PROVIDED MATERIAL =
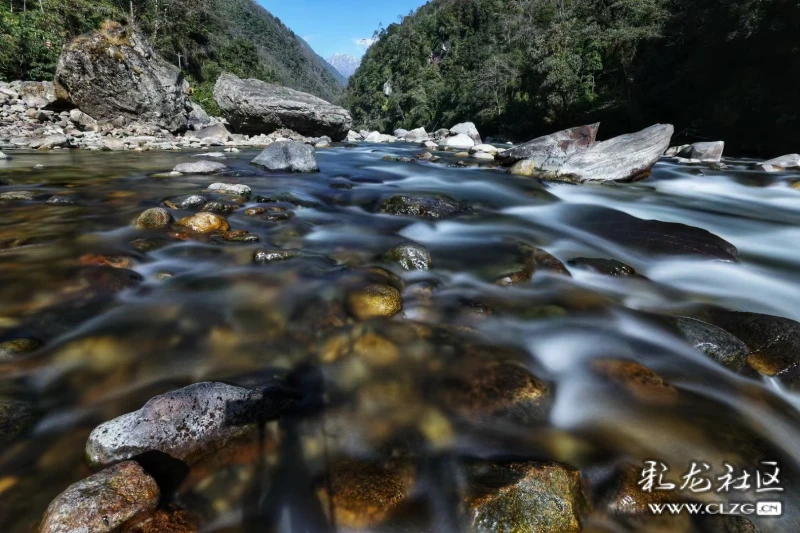 独龙水色地处怒江州上游的独龙江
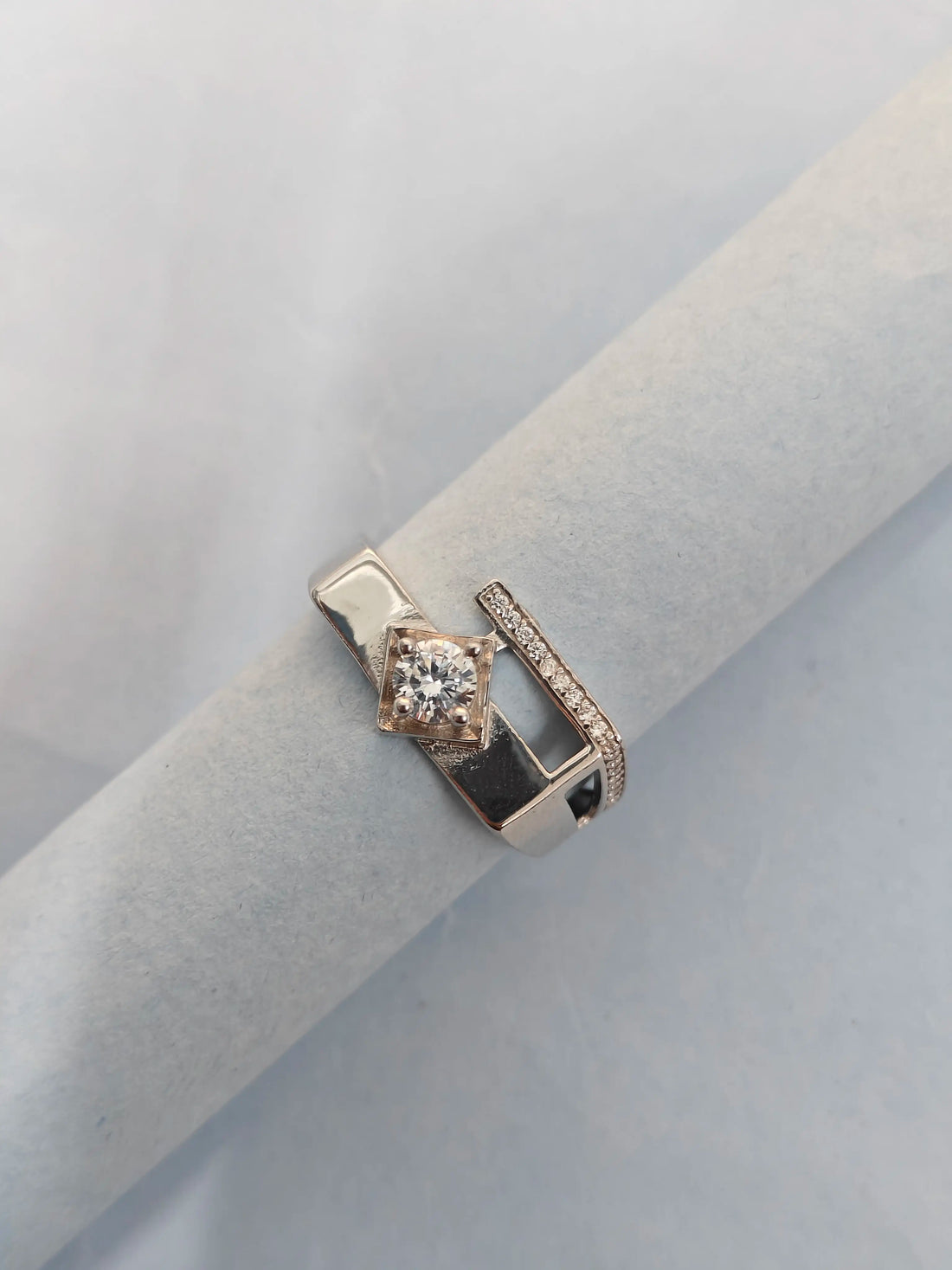 Elegant Ring for Boys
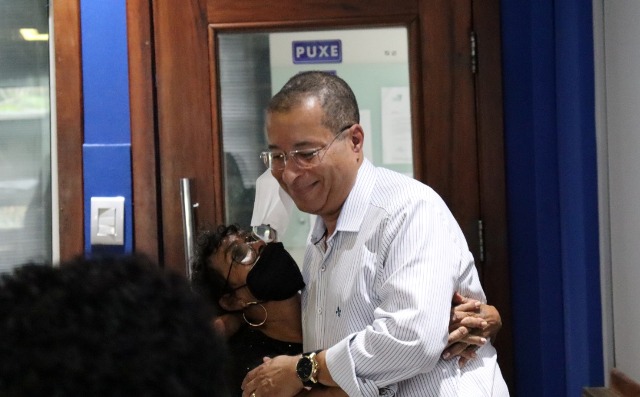 Deputado José de Arimateia homenageia o aniversariante Dilton Coutinho na Assembleia Legislativa da Bahia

YOUR INSTRUCTIONS =
Return the material exactly as given above, picture-free.

RESPONSE =
 独龙水色地处怒江州上游的独龙江
 Elegant Ring for Boys
 Deputado José de Arimateia homenageia o aniversariante Dilton Coutinho na Assembleia Legislativa da Bahia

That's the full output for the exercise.